Pausing to catch my breath, I am overtaken by one of my students: "Looks like another case of imperial overstretch to me, sir."

Wednesday
Note to self: am too old to climb mountains on successive days.

This time it is an even longer trek to the Devil's Pass on Hlobane where a celebrated Victorian soldier, Redvers Buller, won his Victoria Cross in March 1879 amid the shambles of a catastrophic defeat at the hands of the Zulu.
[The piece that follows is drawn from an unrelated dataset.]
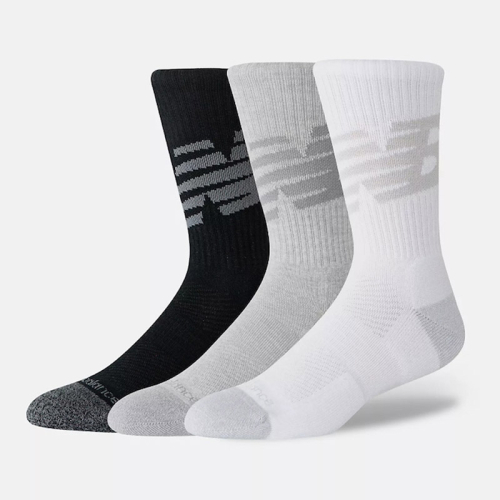 Чорапи New Balance SOCKS ACTIVE LIFESTYLE GRAPHIC SOCKS 3 PACK - AC5179K-AS1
In the evening, another defeat: England versus India in the World Cup. My charges are sceptical of my view that it is a pity Americans do not play cricket: I argue that, if they routinely played a game for five days with the prospect of absolutely no result, they would be less inherently impatient in the conduct of military affairs.

Friday
The Zulu war site Isandlwana is scene of the greatest colonial defeat suffered by the British, in January 1879. It is good to see how much progress has been made in protecting it since I was here in 1999. The atmosphere seems to get to everyone and a very good discussion, ranging widely over the contrasting British and Zulu strategies and policies, breaks out. They are ever conscious of the contemporary parallels with an imperial power waging distant war in an inhospitable terrain amid a difficult political environment.

Saturday
Our host arranges some clay-pigeon shooting before we set off for the day. Judging by the standard of marksmanship, I don't think an enemy has much to worry about. Later, at Elandslaagte, site of a small-scale action that took place in October 1899 at the start of the South African war, one student reveals that, as a lieutenant, he had to give a presentation on this very battle. It is a day for revelation: hearing the background music during dinner, I inadvertently gain cult status by mentioning that I saw Abba live in Manchester in 1977.

Monday
Overlooking Ladysmith from the Afrikaner Memorial on the Platrand, it is time for concluding themes. One of the Afro-Americans, completing his MA dissertation on the military's potential role in nation building, has been focusing on the lessons of British interventions in Afghanistan. He now concludes that the failure of both South African confederation in the 1870s and the post-1902 settlement are equally valid examples to examine.

Tuesday
Return to Johannesburg for the long flight back to Washington via the Cape Verde islands and Atlanta. With no fewer than three souvenir cricket bats on board, it is appropriate that we find the Canadian cricket team on the same flight home. The lessons of the British imperial military experience are clearly being absorbed after all.

Ian Beckett is professor of military theory at the US Marine Corps University, Quantico, Virginia.